→ **Problem to work on**: Reproduce every entry exactly as written.

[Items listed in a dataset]

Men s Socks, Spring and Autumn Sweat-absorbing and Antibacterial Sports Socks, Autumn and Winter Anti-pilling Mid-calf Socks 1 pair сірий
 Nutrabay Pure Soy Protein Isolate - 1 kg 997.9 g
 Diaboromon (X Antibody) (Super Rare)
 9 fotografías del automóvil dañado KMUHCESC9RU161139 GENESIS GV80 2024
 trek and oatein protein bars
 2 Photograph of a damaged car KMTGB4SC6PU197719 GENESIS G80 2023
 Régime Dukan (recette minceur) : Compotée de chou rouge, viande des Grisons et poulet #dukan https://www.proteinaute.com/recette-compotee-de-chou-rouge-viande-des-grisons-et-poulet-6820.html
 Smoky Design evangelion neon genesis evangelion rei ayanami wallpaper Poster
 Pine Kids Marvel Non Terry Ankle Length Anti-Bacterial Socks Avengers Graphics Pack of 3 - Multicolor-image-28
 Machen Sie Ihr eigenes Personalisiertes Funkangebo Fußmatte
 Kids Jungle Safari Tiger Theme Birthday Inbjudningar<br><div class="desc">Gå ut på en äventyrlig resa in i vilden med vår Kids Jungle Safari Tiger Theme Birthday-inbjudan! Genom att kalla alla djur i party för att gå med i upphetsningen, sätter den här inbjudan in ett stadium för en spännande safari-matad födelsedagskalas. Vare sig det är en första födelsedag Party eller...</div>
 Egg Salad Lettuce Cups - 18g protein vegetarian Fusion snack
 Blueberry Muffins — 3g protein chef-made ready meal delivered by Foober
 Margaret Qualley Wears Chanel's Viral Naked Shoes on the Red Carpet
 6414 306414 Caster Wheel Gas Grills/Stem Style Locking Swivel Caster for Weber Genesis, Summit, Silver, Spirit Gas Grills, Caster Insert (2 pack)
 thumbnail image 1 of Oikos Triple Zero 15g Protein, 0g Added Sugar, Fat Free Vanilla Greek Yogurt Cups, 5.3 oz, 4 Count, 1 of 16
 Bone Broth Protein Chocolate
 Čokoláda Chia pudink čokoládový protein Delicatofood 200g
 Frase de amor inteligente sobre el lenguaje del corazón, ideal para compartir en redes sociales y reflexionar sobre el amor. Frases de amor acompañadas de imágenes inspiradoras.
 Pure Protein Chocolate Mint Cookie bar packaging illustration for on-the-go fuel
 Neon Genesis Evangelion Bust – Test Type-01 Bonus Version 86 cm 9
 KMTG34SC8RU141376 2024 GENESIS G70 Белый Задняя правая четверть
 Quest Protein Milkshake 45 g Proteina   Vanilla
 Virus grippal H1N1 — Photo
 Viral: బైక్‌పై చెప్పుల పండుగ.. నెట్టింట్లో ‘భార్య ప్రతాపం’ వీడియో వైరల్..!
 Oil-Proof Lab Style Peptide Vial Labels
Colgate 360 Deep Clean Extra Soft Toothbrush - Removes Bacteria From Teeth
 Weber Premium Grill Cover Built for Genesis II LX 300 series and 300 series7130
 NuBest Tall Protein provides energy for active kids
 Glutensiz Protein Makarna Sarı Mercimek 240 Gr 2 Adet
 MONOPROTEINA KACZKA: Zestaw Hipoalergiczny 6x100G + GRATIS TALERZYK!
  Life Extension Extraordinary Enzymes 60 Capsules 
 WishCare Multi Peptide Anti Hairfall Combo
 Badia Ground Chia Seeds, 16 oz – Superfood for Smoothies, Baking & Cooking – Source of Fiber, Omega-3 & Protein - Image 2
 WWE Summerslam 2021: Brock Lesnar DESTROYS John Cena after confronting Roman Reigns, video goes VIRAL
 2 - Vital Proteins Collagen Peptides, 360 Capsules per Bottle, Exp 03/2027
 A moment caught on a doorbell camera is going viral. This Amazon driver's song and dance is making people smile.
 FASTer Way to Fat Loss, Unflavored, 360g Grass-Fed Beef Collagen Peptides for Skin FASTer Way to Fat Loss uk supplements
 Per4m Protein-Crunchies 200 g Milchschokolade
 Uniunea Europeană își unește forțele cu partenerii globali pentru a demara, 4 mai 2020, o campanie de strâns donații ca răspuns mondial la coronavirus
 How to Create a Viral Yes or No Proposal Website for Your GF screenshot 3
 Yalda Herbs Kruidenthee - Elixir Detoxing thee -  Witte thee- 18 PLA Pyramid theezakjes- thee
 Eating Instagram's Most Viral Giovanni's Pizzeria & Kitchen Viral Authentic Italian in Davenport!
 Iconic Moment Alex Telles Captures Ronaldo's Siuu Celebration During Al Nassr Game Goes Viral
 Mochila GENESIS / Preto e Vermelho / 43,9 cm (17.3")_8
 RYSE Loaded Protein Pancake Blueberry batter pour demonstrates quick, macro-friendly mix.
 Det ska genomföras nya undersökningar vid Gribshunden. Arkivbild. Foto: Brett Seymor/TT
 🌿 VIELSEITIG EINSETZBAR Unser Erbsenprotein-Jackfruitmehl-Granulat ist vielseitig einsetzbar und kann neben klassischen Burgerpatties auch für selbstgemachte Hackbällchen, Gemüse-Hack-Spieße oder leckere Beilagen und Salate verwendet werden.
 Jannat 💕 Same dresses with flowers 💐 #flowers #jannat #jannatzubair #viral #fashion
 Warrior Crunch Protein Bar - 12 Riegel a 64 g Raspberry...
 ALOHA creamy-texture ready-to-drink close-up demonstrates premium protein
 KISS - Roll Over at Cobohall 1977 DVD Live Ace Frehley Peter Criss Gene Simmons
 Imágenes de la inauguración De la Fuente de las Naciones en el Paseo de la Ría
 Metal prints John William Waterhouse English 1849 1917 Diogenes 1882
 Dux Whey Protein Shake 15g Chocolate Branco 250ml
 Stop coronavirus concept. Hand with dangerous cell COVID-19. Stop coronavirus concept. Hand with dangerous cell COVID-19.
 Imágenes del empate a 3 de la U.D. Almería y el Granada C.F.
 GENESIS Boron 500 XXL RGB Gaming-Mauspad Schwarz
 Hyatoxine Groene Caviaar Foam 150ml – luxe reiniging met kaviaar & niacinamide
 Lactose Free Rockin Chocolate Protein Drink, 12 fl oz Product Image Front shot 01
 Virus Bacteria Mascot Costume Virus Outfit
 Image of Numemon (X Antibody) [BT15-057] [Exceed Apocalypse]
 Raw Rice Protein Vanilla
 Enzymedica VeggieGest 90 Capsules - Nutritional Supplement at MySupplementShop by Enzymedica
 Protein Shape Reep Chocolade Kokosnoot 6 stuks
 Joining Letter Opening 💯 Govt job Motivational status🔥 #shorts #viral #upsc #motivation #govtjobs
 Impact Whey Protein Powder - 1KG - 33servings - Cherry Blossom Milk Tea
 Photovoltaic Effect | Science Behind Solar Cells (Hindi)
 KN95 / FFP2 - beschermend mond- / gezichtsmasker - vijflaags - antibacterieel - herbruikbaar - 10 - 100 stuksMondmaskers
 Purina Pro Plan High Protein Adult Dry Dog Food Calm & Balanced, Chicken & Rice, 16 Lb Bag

→ **Response area**:
Men s Socks, Spring and Autumn Sweat-absorbing and Antibacterial Sports Socks, Autumn and Winter Anti-pilling Mid-calf Socks 1 pair сірий
 Nutrabay Pure Soy Protein Isolate - 1 kg 997.9 g
 Diaboromon (X Antibody) (Super Rare)
 9 fotografías del automóvil dañado KMUHCESC9RU161139 GENESIS GV80 2024
 trek and oatein protein bars
 2 Photograph of a damaged car KMTGB4SC6PU197719 GENESIS G80 2023
 Régime Dukan (recette minceur) : Compotée de chou rouge, viande des Grisons et poulet #dukan https://www.proteinaute.com/recette-compotee-de-chou-rouge-viande-des-grisons-et-poulet-6820.html
 Smoky Design evangelion neon genesis evangelion rei ayanami wallpaper Poster
 Pine Kids Marvel Non Terry Ankle Length Anti-Bacterial Socks Avengers Graphics Pack of 3 - Multicolor-image-28
 Machen Sie Ihr eigenes Personalisiertes Funkangebo Fußmatte
 Kids Jungle Safari Tiger Theme Birthday Inbjudningar<br><div class="desc">Gå ut på en äventyrlig resa in i vilden med vår Kids Jungle Safari Tiger Theme Birthday-inbjudan! Genom att kalla alla djur i party för att gå med i upphetsningen, sätter den här inbjudan in ett stadium för en spännande safari-matad födelsedagskalas. Vare sig det är en första födelsedag Party eller...</div>
 Egg Salad Lettuce Cups - 18g protein vegetarian Fusion snack
 Blueberry Muffins — 3g protein chef-made ready meal delivered by Foober
 Margaret Qualley Wears Chanel's Viral Naked Shoes on the Red Carpet
 6414 306414 Caster Wheel Gas Grills/Stem Style Locking Swivel Caster for Weber Genesis, Summit, Silver, Spirit Gas Grills, Caster Insert (2 pack)
 thumbnail image 1 of Oikos Triple Zero 15g Protein, 0g Added Sugar, Fat Free Vanilla Greek Yogurt Cups, 5.3 oz, 4 Count, 1 of 16
 Bone Broth Protein Chocolate
 Čokoláda Chia pudink čokoládový protein Delicatofood 200g
 Frase de amor inteligente sobre el lenguaje del corazón, ideal para compartir en redes sociales y reflexionar sobre el amor. Frases de amor acompañadas de imágenes inspiradoras.
 Pure Protein Chocolate Mint Cookie bar packaging illustration for on-the-go fuel
 Neon Genesis Evangelion Bust – Test Type-01 Bonus Version 86 cm 9
 KMTG34SC8RU141376 2024 GENESIS G70 Белый Задняя правая четверть
 Quest Protein Milkshake 45 g Proteina   Vanilla
 Virus grippal H1N1 — Photo
 Viral: బైక్‌పై చెప్పుల పండుగ.. నెట్టింట్లో ‘భార్య ప్రతాపం’ వీడియో వైరల్..!
 Oil-Proof Lab Style Peptide Vial Labels
Colgate 360 Deep Clean Extra Soft Toothbrush - Removes Bacteria From Teeth
 Weber Premium Grill Cover Built for Genesis II LX 300 series and 300 series7130
 NuBest Tall Protein provides energy for active kids
 Glutensiz Protein Makarna Sarı Mercimek 240 Gr 2 Adet
 MONOPROTEINA KACZKA: Zestaw Hipoalergiczny 6x100G + GRATIS TALERZYK!
  Life Extension Extraordinary Enzymes 60 Capsules 
 WishCare Multi Peptide Anti Hairfall Combo
 Badia Ground Chia Seeds, 16 oz – Superfood for Smoothies, Baking & Cooking – Source of Fiber, Omega-3 & Protein - Image 2
 WWE Summerslam 2021: Brock Lesnar DESTROYS John Cena after confronting Roman Reigns, video goes VIRAL
 2 - Vital Proteins Collagen Peptides, 360 Capsules per Bottle, Exp 03/2027
 A moment caught on a doorbell camera is going viral. This Amazon driver's song and dance is making people smile.
 FASTer Way to Fat Loss, Unflavored, 360g Grass-Fed Beef Collagen Peptides for Skin FASTer Way to Fat Loss uk supplements
 Per4m Protein-Crunchies 200 g Milchschokolade
 Uniunea Europeană își unește forțele cu partenerii globali pentru a demara, 4 mai 2020, o campanie de strâns donații ca răspuns mondial la coronavirus
 How to Create a Viral Yes or No Proposal Website for Your GF screenshot 3
 Yalda Herbs Kruidenthee - Elixir Detoxing thee -  Witte thee- 18 PLA Pyramid theezakjes- thee
 Eating Instagram's Most Viral Giovanni's Pizzeria & Kitchen Viral Authentic Italian in Davenport!
 Iconic Moment Alex Telles Captures Ronaldo's Siuu Celebration During Al Nassr Game Goes Viral
 Mochila GENESIS / Preto e Vermelho / 43,9 cm (17.3")_8
 RYSE Loaded Protein Pancake Blueberry batter pour demonstrates quick, macro-friendly mix.
 Det ska genomföras nya undersökningar vid Gribshunden. Arkivbild. Foto: Brett Seymor/TT
 🌿 VIELSEITIG EINSETZBAR Unser Erbsenprotein-Jackfruitmehl-Granulat ist vielseitig einsetzbar und kann neben klassischen Burgerpatties auch für selbstgemachte Hackbällchen, Gemüse-Hack-Spieße oder leckere Beilagen und Salate verwendet werden.
 Jannat 💕 Same dresses with flowers 💐 #flowers #jannat #jannatzubair #viral #fashion
 Warrior Crunch Protein Bar - 12 Riegel a 64 g Raspberry...
 ALOHA creamy-texture ready-to-drink close-up demonstrates premium protein
 KISS - Roll Over at Cobohall 1977 DVD Live Ace Frehley Peter Criss Gene Simmons
 Imágenes de la inauguración De la Fuente de las Naciones en el Paseo de la Ría
 Metal prints John William Waterhouse English 1849 1917 Diogenes 1882
 Dux Whey Protein Shake 15g Chocolate Branco 250ml
 Stop coronavirus concept. Hand with dangerous cell COVID-19. Stop coronavirus concept. Hand with dangerous cell COVID-19.
 Imágenes del empate a 3 de la U.D. Almería y el Granada C.F.
 GENESIS Boron 500 XXL RGB Gaming-Mauspad Schwarz
 Hyatoxine Groene Caviaar Foam 150ml – luxe reiniging met kaviaar & niacinamide
 Lactose Free Rockin Chocolate Protein Drink, 12 fl oz Product Image Front shot 01
 Virus Bacteria Mascot Costume Virus Outfit
 Image of Numemon (X Antibody) [BT15-057] [Exceed Apocalypse]
 Raw Rice Protein Vanilla
 Enzymedica VeggieGest 90 Capsules - Nutritional Supplement at MySupplementShop by Enzymedica
 Protein Shape Reep Chocolade Kokosnoot 6 stuks
 Joining Letter Opening 💯 Govt job Motivational status🔥 #shorts #viral #upsc #motivation #govtjobs
 Impact Whey Protein Powder - 1KG - 33servings - Cherry Blossom Milk Tea
 Photovoltaic Effect | Science Behind Solar Cells (Hindi)
 KN95 / FFP2 - beschermend mond- / gezichtsmasker - vijflaags - antibacterieel - herbruikbaar - 10 - 100 stuksMondmaskers
 Purina Pro Plan High Protein Adult Dry Dog Food Calm & Balanced, Chicken & Rice, 16 Lb Bag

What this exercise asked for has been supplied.